TASK BRIEF – If a line below falls between the line with "As you can see, the" and the line with "Don't forget to", or is one of those two, output it exactly; output nothing else and no pictures.

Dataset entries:
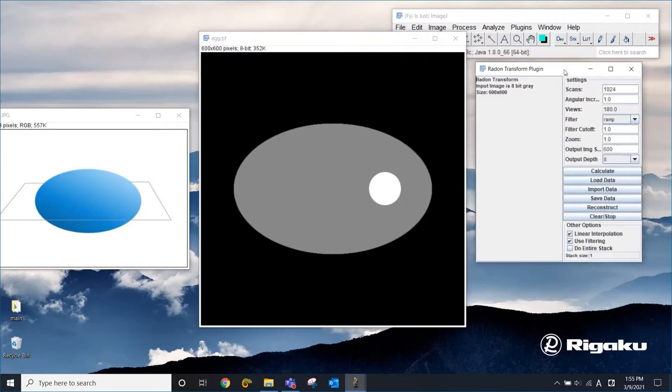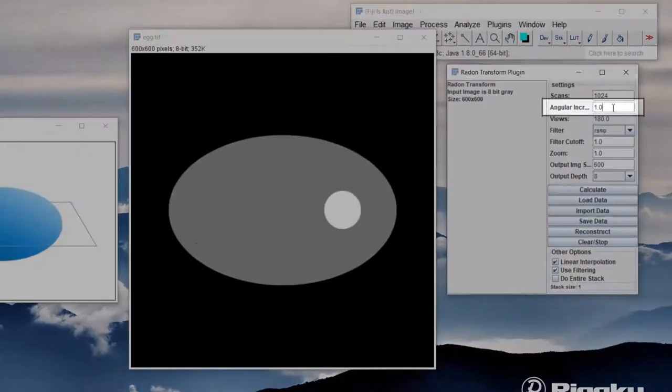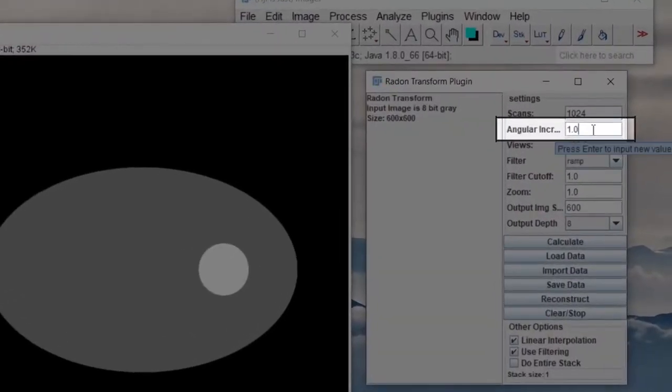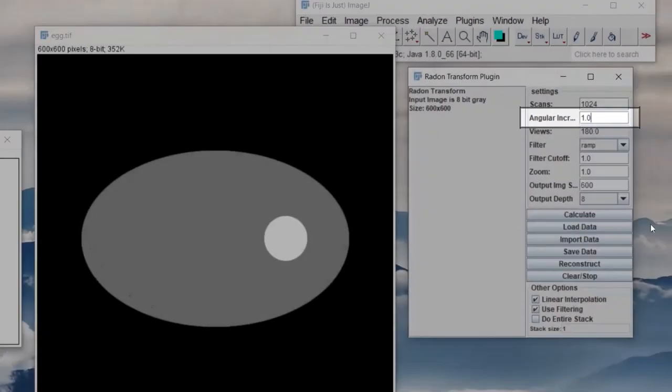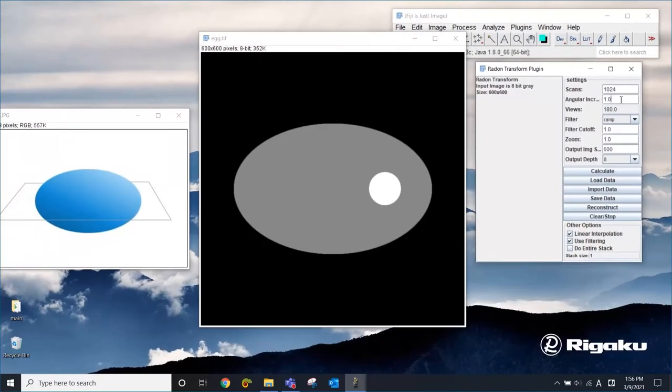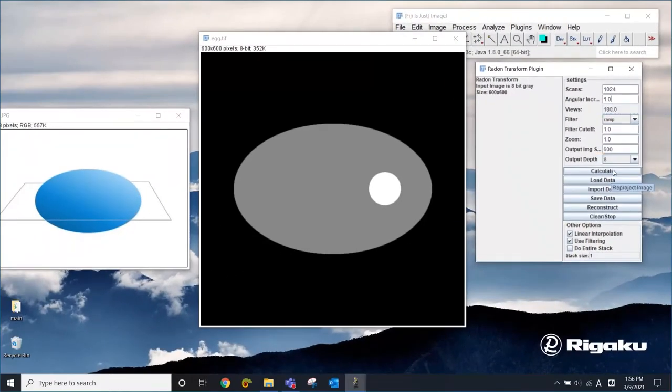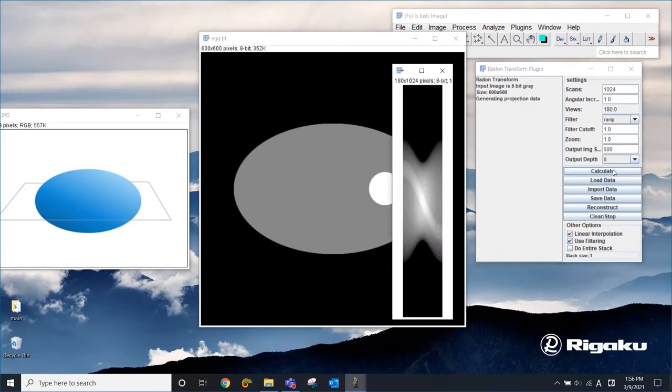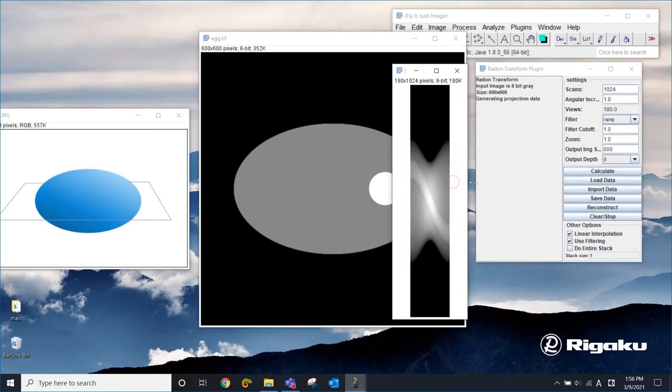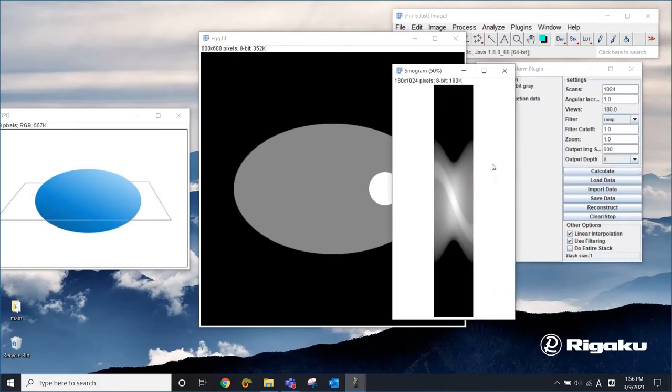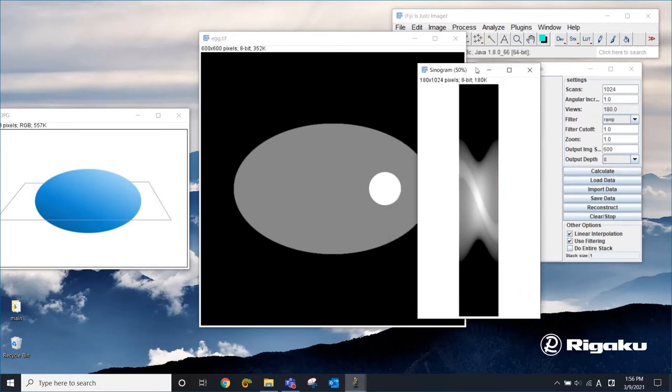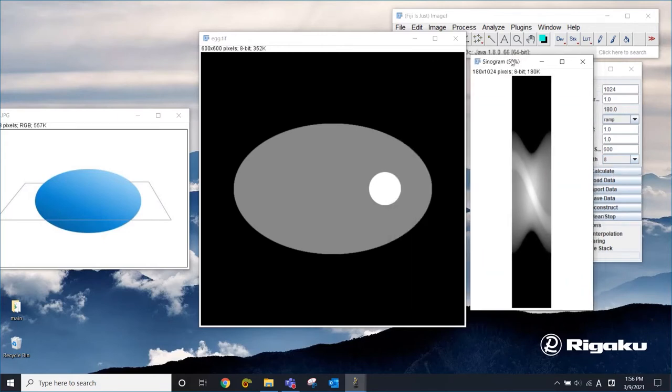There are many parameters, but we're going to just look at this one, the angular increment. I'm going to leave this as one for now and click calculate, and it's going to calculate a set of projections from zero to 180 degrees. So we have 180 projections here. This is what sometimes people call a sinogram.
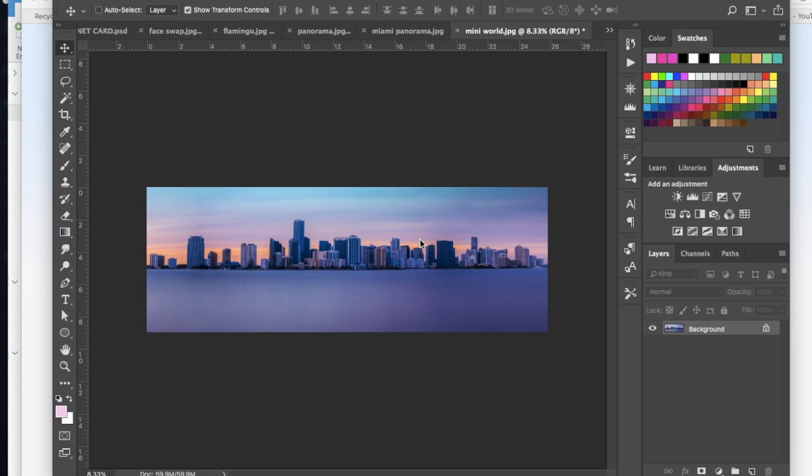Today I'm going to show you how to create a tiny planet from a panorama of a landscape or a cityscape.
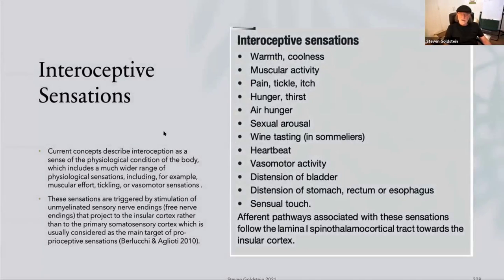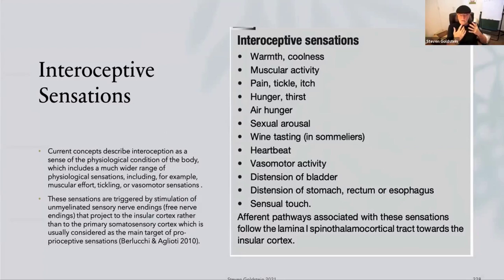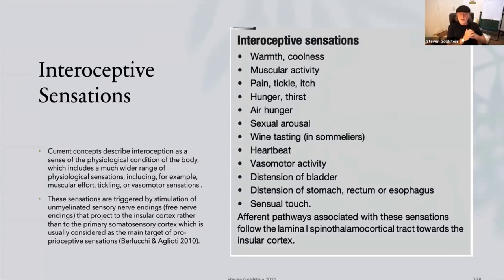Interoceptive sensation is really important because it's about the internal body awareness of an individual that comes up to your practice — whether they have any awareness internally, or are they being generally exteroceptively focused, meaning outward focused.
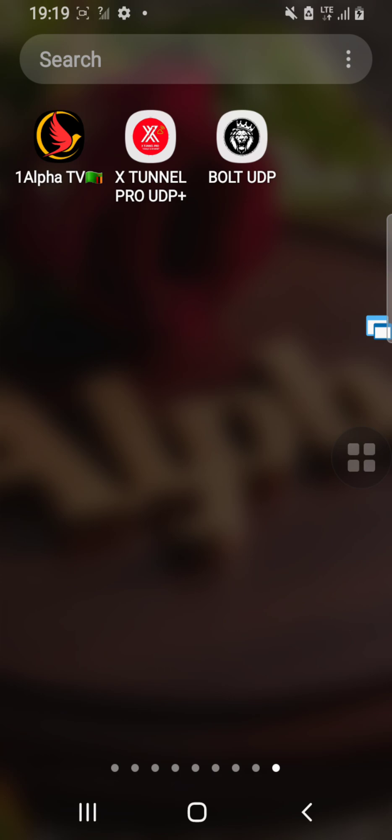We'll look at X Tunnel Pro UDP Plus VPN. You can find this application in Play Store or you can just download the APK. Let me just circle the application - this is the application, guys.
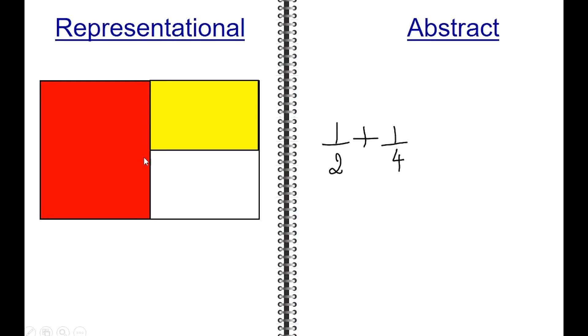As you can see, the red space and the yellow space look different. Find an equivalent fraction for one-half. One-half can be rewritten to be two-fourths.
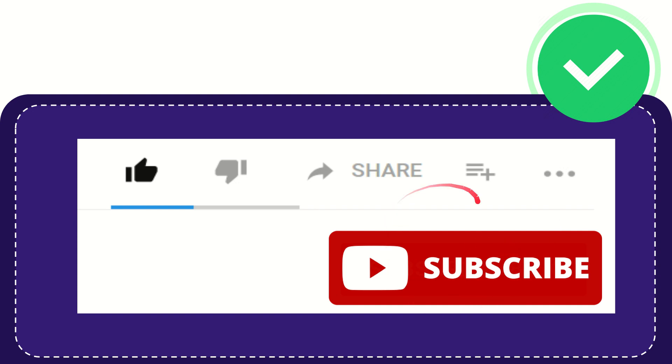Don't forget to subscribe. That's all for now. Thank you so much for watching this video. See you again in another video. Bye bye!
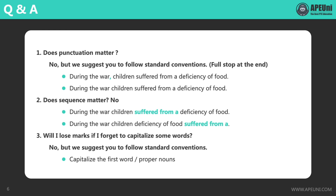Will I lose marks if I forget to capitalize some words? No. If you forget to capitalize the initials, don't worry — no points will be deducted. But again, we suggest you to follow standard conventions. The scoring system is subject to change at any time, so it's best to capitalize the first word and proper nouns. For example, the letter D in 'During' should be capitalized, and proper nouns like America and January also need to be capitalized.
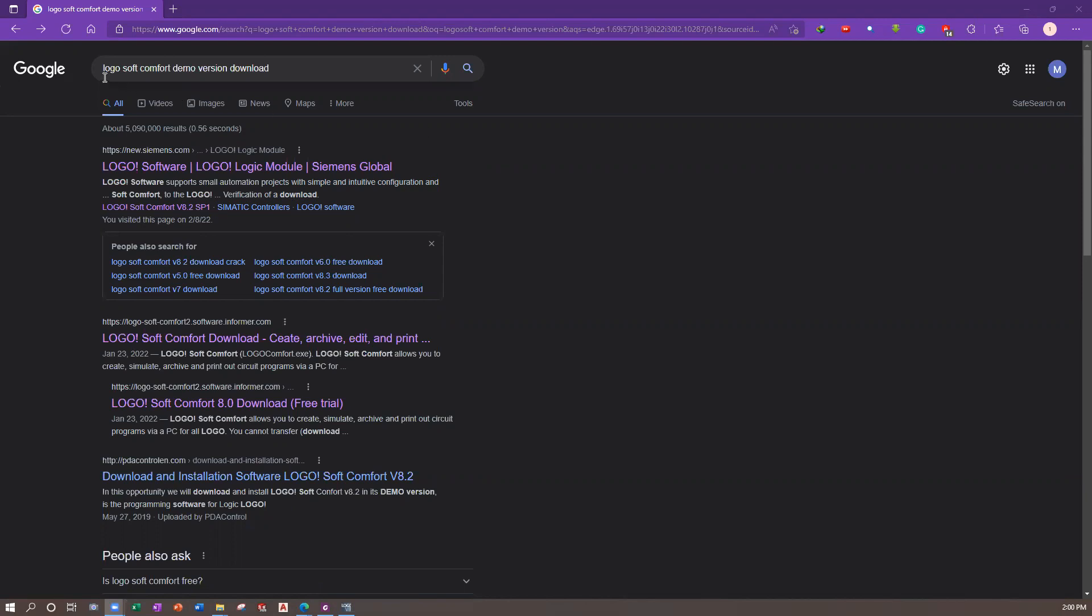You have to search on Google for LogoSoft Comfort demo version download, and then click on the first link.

TASK RESULT –
As you can see, the red space and the yellow space look different. Find an equivalent fraction for one-half. One-half can be rewritten to be two-fourths.
Don't forget to subscribe. That's all for now. Thank you so much for watching this video. See you again in another video. Bye bye!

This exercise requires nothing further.